══ Source material

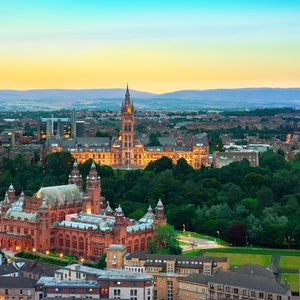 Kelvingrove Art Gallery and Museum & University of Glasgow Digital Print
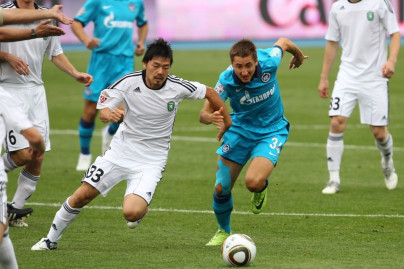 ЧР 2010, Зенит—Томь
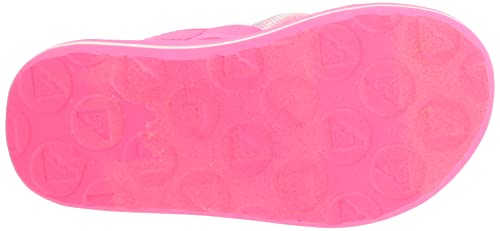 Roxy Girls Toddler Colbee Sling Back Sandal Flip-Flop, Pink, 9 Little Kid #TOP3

════

## What needs to be done:
Retype all of the listing above exactly, but keep its pictures out.

## Exercise solution:
 Kelvingrove Art Gallery and Museum & University of Glasgow Digital Print
 ЧР 2010, Зенит—Томь
 Roxy Girls Toddler Colbee Sling Back Sandal Flip-Flop, Pink, 9 Little Kid #TOP3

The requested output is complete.